Reardon also said Friday it’s uncertain whether AFTRA and SAG will negotiate the primetime TV contract together again. SAG’s already locked in to seven weeks of talks starting in October 2010 with the Alliance of Motion Picture & Television Producers (Daily Variety, June 19).

“We haven’t had any discussions with SAG about that,” Reardon said.

Relations between SAG and AFTRA hit a low last year when AFTRA angrily split off from joint negotiations and reached its own primetime deal. SAG then blasted the terms of the pact, which had a relatively low 62% ratification. With SAG stalled in its contract negotiations, AFTRA was able to sign up the lion’s share of this year’s TV pilots that were shot digitally.

Last fall, AFTRA and SAG agreed to a deal brokered by the AFL-CIO that included “nondisparagement” language along with fines and other discipline for violators, in order to end the bickering.

AFTRA national exec director Kim Roberts Hedgpeth confirmed Friday that AFTRA has complained to the AFL-CIO about alleged violations of the pact — including a move by the Hollywood board in May to establish a task force to explore “acquisition” of AFTRA actors by SAG. She said a ruling by the AFL-CIO would probably come by the end of the month.

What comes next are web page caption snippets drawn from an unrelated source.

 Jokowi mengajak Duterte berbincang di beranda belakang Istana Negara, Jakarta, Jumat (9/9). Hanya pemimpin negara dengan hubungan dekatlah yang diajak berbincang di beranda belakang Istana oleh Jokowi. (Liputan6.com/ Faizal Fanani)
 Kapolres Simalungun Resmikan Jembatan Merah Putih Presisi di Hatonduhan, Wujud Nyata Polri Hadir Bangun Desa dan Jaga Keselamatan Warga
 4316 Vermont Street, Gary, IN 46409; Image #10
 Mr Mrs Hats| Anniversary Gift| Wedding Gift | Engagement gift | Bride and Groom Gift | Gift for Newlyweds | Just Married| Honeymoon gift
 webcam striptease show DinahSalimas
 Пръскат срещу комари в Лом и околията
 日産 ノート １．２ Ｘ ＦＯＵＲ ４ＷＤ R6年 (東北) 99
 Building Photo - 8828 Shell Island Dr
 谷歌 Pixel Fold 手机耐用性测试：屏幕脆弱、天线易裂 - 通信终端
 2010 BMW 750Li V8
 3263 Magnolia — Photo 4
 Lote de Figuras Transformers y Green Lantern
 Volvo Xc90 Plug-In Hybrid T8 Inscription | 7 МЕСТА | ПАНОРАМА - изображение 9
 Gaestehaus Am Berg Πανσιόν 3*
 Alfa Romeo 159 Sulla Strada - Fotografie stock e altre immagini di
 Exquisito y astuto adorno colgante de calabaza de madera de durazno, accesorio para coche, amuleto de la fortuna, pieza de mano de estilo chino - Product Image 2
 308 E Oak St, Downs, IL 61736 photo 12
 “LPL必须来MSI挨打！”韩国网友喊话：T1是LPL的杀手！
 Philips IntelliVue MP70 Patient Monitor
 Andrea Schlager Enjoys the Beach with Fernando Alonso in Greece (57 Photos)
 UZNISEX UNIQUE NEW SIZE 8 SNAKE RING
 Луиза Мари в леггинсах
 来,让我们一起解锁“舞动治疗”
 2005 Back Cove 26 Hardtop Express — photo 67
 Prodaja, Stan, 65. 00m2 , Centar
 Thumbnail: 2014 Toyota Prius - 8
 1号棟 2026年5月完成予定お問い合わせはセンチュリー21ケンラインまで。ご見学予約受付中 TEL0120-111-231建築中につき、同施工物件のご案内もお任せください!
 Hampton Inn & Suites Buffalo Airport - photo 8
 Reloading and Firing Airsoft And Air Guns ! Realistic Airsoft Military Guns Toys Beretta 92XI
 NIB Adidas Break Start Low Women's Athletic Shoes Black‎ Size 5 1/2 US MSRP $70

The enmity toward AFTRA remains strong in some SAG quarters. Justine Bateman resigned recently from SAG’s national board of directors, blasting the moderates who control the board, repeating her characterization of AFTRA as a “scumbag” union for signing contracts at lower terms, and asserting that she no longer wanted to be bound by the non-disparagement agreement.

Reardon also admitted that there hasn’t been any move toward setting up a summit meeting with SAG, the DGA and the WGA — with all four unions’ contracts with the majors expiring in mid-2011 — to plot a coordinated bargaining strategy. She had proposed the idea a year ago, but said Friday she’d wait until after the upcoming round of elections before exploring such a step.

Reardon and Hedgpeth stressed during the session that AFTRA’s giving increased emphasis to organizing nonunion productions, particularly in new media. The key to success, they believe, is to educate members — who are banned by the union for doing nonunion work — about the value of working under an AFTRA deal.

“We could fine people,” Reardon admitted. “But the best way to deal with it is to make everyone know that we’re all in this together.”